Lo primero que pude comprobar es que para ser empresario y salir en este programa hay que pasar un casting de llorones, nada de empresarios sin escrúpulos. Los dos que vi no paraban de llorar, eran lo que se dice unos tipos sensibles. Eran unos empresarios buenísimos y eso que eran sometidos a pruebas terroríficas, casas sin calefacción, familias apiñadas en pocos metros, vidas sin esperanzas, desempleo, drogadicción, en fin, las cosas de la vida. Al contrario que los empresarios, los pobres del programa en lugar de llorar estaban siempre de muy buen humor y cantaban, bailaban y se reían a las primeras de cambio. Tanto es así que en más de una ocasión llegué a pensar que estaba viendo una comedia musical y que de un momento a otro iba a aparecer Julie Andrews bailando algo; pero no, la cosa iba en serio. Los pobres de este programa son felicísimos y no como los de mi barrio, que parecen estar siempre cabreados. Y no sólo felices sino también buenos, educados, agradables… unos encantos de personas a los que, efectivamente, daban ganas de entregar desde el principio miles de euros; o más.

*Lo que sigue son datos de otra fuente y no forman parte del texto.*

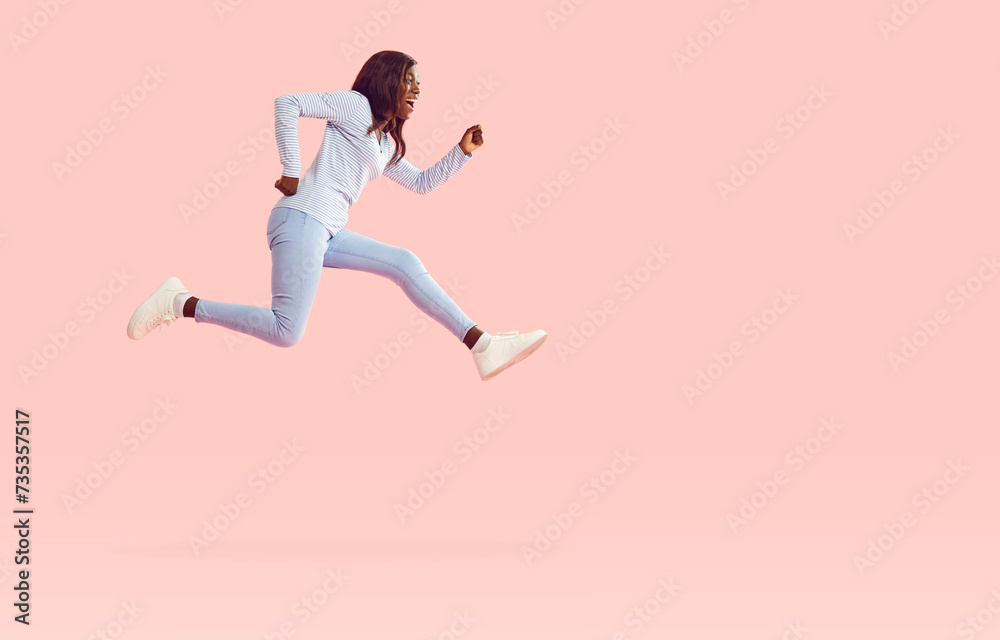 Funny afican american girl wearing casual clothes jumping high isolated on a pink background. Portrait of a happy young excited woman in a hurry having fun in studio. People emotions concept.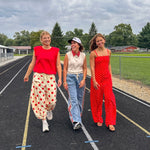 Soft, stretchy cream elastic drawstring waist pants with large red polka dots throughout, pockets and button cuffs for a balloon-like silhouette.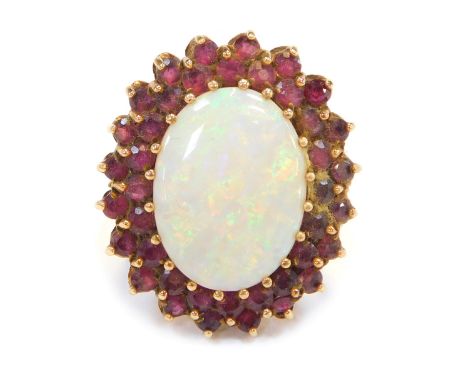 A cluster ring, with oval cut imitation opal surrounded by garnets, in a yellow metal setting, unmarked, believed to be 9ct g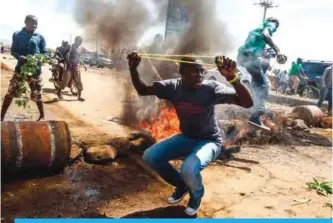  ??  ?? KISUMU, Kenya: Supporters of National Super Alliance (NASA) presidenti­al candidate Raila Odinga throw rocks next to burning tyres blocking the road, during a demonstrat­ion yesterday. —AFP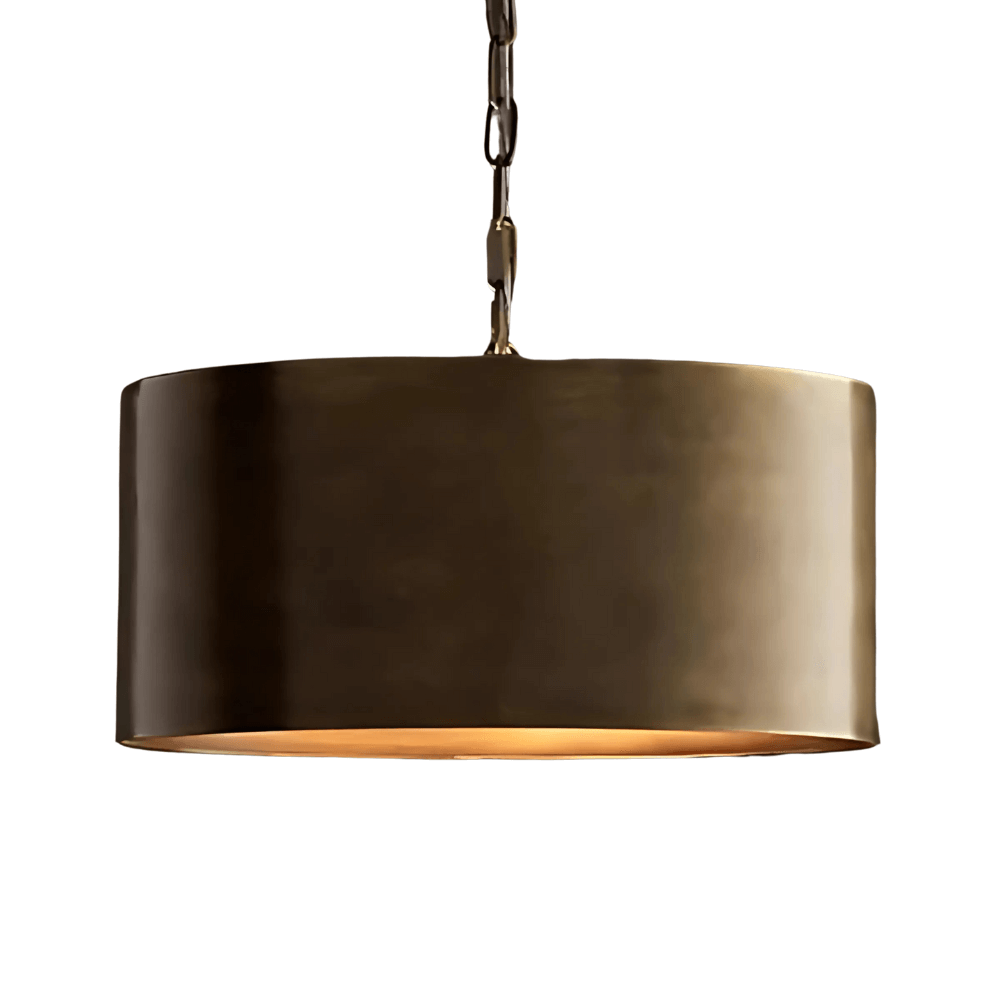 Modern brass drum pendant light with gradient finish and warm glow, suspended by chain against white background Modern brass drum pendant light with gradient finish and warm glow, suspended by chain against white background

Los empresarios no salían de su asombro, entre lágrima y lágrima, al ver cómo viven esos otros que no son empresarios de éxito. Tanto es así que uno de ellos, al enterarse de que hay gente que no tiene donde dormir, exclamaba en el colmo de su asombro: “¡Madre mía!”. Madre mía, sí. A mí me pareció todo un grito revolucionario que propongo que se adopte en futuras acciones redistributivas: madre mía. Es que él no lo podía creer, madre mía, gente sin casa, madre mía. Pero la cosa no era triste en absoluto, no vayáis a creer, ya lo he dicho. Los pobres eran felices. Sólo se les escapaba alguna lagrimita al final, cuando les entregaban el sobre con los euros.